Three Portland-Area Starbucks File Petition Monday to Unionize

If approved by the NLRB and a vote by workers, six Starbucks locations in Oregon could soon join the union.

Outdoor, masked Starbucks service on Northeast Fremont Street in 2020. (Brian Burk)

Three Portland-area Starbucks coffee shops filed to unionize Monday morning with the National Labor Relations Board.

One is on Garden Home Road in Southwest Portland, and two are in Beaverton on Southwest Walker Road and Cedar Hills Boulevard.

Two locations in Eugene also announced their intent to unionize this morning. That brings Oregon Starbucks in the process of ratifying unionization to a total of six. The first Starbucks that filed a petition to unionize in Oregon, a location in Eugene, did so earlier this month.

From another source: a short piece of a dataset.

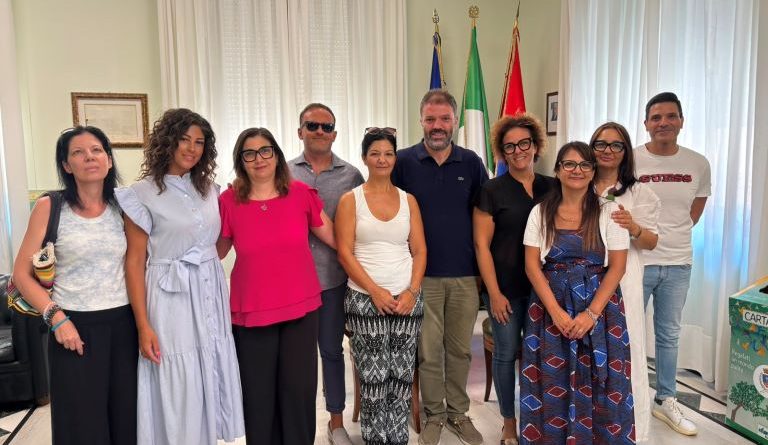 Comune di Crotone: completata la stabilizzazione dei 43 tirocinanti: dal 1° agosto in servizio gli ultimi otto lavoratori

More than 50 Starbucks across the country have now filed to unionize. The push began with a shop in Buffalo, N.Y., in December that first filed with the board. Today is that store’s first day of contract negotiations.

The union now awaits NLRB approval. If the board certifies the elections, ballots will be sent out to workers at the Oregon stores, likely over a month from now.

Quentin Kanta, a barista at one of the Beaverton stores and one of the organizers of Starbucks Workers United, the union representing workers, says several more locations across the state will announce plans to unionize in coming weeks.

“There is just a cascade of union support. Starbucks lasted for 50 years without a union threat, and now it’s happening all at once,” Kanta says. “Our regional manager and store manager were completely blindsided by it.”

Kanta says 19 out of about 27 workers at his store support forming a union.

The tipping point for some of his colleagues, he says, came during the winter storm earlier this month. The store manager told employees in a letter that inclement weather was no excuse for skipping work or arriving late.

“Everyone needs to have a plan A, a plan B and a plan C on how they are going to get to and from work safely on any day that we have snow and ice on the roads,” the manager wrote in the letter, which was shared with WW. “I want everyone to be safe...but remember, snow days are not sick days.”

Starbucks did not immediately respond to a request for comment.